Right band gaps for the right reason at low computational cost with a meta-GGA
Timo Lebeda, Thilo Aschebrock, Jianwei Sun, Linn Leppert, Stephan Kümmel
Abstract
In density functional theory, traditional explicit density functionals such as the local density approximation and generalized gradient approximations cannot accurately predict the band gap of solids for a fundamental reason: They lack the exchange-correlation derivative discontinuity. By comparing Kohn-Sham and generalized Kohn-Sham calculations, we here show that the nonempirical meta-generalized-gradient-approximation (meta-GGA) TASK from Aschebrock and K\"ummel [Phys. Rev. Res. 1, 033082 (2019)] predicts the right gaps for the right reason, i.e., as a combination of a proper Kohn-Sham gap and a substantial derivative discontinuity contribution. For many materials from small-gap semiconductors to large-gap insulators, the proper band gap is thus obtained.
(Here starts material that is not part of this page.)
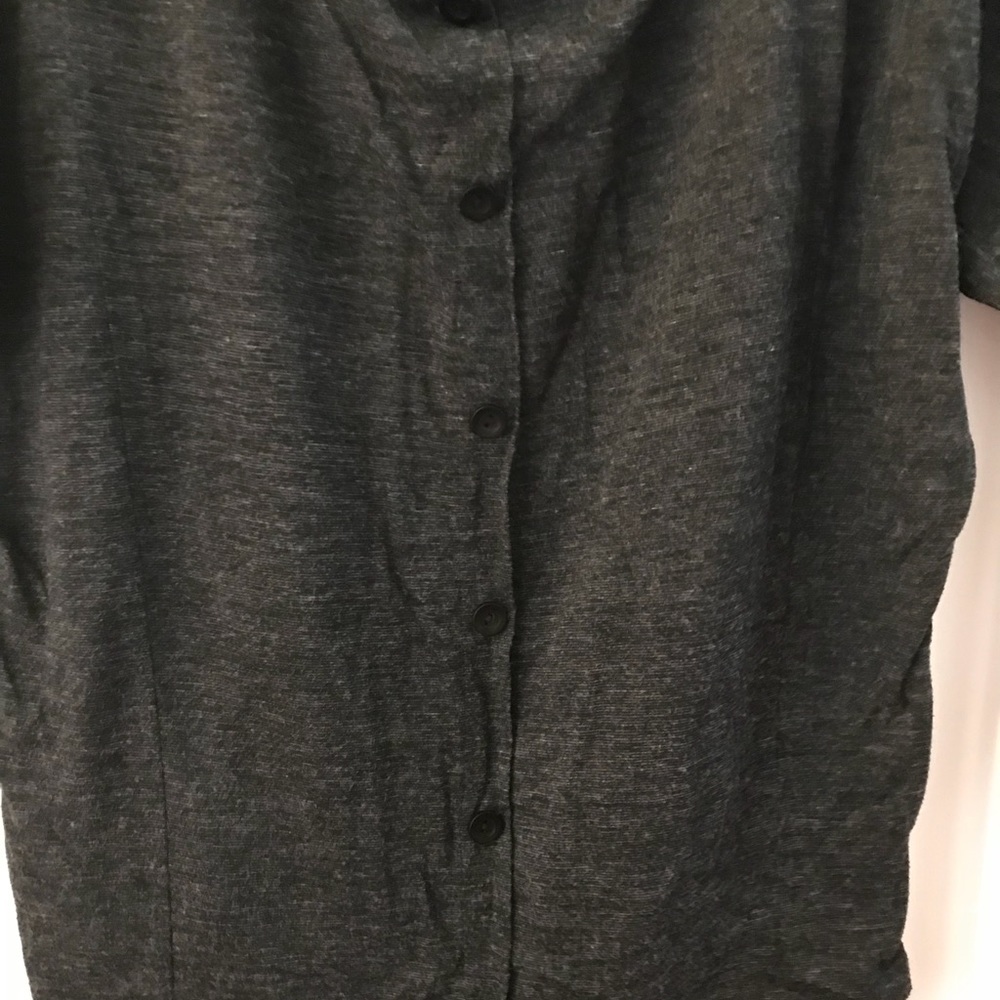 Gray top - Picture 2 of 3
We further study a group of metal-halide perovskites for which the band gap is notoriously hard to predict. For these materials, TASK yields band gaps very similar to the nonlocal screened hybrid Heyd-Scuseria-Ernzerhof functional, yet at a fraction of the hybrid functional's computational cost. We discuss the influence of correlation functionals, and open questions in the comparison of calculated band gaps with experimental ones.